Copyright © Reed Business Information, a division of Reed Elsevier Inc. All rights reserved.
From Booklist
PreS. First published in Stevenson’s classic collection A Child’s Garden of Verses in 1883, this timeless poem about imaginative play gets its own lively picture book here, centering on a contemporary boy who uses his building blocks to make his own world. Toddlers will see themselves in clear, double-page spreads that show the boy on the carpet by the sofa, using colored blocks of different shapes and sizes to build a town by the sea. The simple rhyming words (“Great is the palace / with pillar and wall, / A sort of a tower / on the top of it all”) and crisp computer graphics show how single shapes and objects can join in all kinds of scenarios. Then comes the power of knocking everything all down (“block upon block / lying scattered and free”), though the boy will always remember his town by the sea–even as he joins his friends outside in their suburban subdivision. Hazel Rochman
Copyright © American Library Association. All rights reserved
Copyright © American Library Association. All rights reserved
About the Author
Robert Louis Stevenson (1850–1894) spent his childhood in Edinburgh, Scotland, but traveled widely in the United States and throughout the South Seas. He was author of many novels, including The Strange Case of Dr. Jekyll and Mr. Hyde, Kidnapped, The Black Arrow, and Treasure Island.

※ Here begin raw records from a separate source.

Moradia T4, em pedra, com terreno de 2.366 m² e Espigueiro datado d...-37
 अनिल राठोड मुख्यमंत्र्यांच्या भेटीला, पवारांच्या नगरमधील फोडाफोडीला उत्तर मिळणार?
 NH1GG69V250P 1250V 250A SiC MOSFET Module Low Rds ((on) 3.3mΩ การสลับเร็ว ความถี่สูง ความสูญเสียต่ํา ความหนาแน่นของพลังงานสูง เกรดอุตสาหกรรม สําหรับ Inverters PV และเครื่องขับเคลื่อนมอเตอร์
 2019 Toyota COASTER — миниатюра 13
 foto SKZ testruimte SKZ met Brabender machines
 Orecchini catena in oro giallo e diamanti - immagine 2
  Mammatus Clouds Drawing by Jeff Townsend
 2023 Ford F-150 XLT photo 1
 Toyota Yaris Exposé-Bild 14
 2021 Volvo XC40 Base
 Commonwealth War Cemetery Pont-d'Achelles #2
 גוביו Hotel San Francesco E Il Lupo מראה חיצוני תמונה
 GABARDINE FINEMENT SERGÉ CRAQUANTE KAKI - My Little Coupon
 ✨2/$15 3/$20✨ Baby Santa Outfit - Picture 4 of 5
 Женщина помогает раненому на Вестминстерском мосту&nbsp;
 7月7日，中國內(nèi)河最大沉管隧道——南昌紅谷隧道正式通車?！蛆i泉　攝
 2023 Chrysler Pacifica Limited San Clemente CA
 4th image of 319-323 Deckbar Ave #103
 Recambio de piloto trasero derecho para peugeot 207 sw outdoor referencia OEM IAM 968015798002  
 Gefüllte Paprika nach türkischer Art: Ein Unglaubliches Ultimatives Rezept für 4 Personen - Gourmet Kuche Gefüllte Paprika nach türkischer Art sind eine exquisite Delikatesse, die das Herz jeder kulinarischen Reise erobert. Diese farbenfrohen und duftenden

Daniel Kirk has written and illustrated numerous books, including Hush, Little Alien; Bigger; Humpty Dumpty; Jack and Jill; Moondogs; and Snow Family. In addition he has illustrated two poetry collections; Go! and Dogs Rule!; and several titles by other authors, namely Chugga Chugga Choo Choo and My Truck Is Stuck by Kevin Lewis, and Hello, Hello! by Miriam Schlein. Kirk lives in New Jersey with his wife, author-illustrator Julia Gordon, and three teenage children.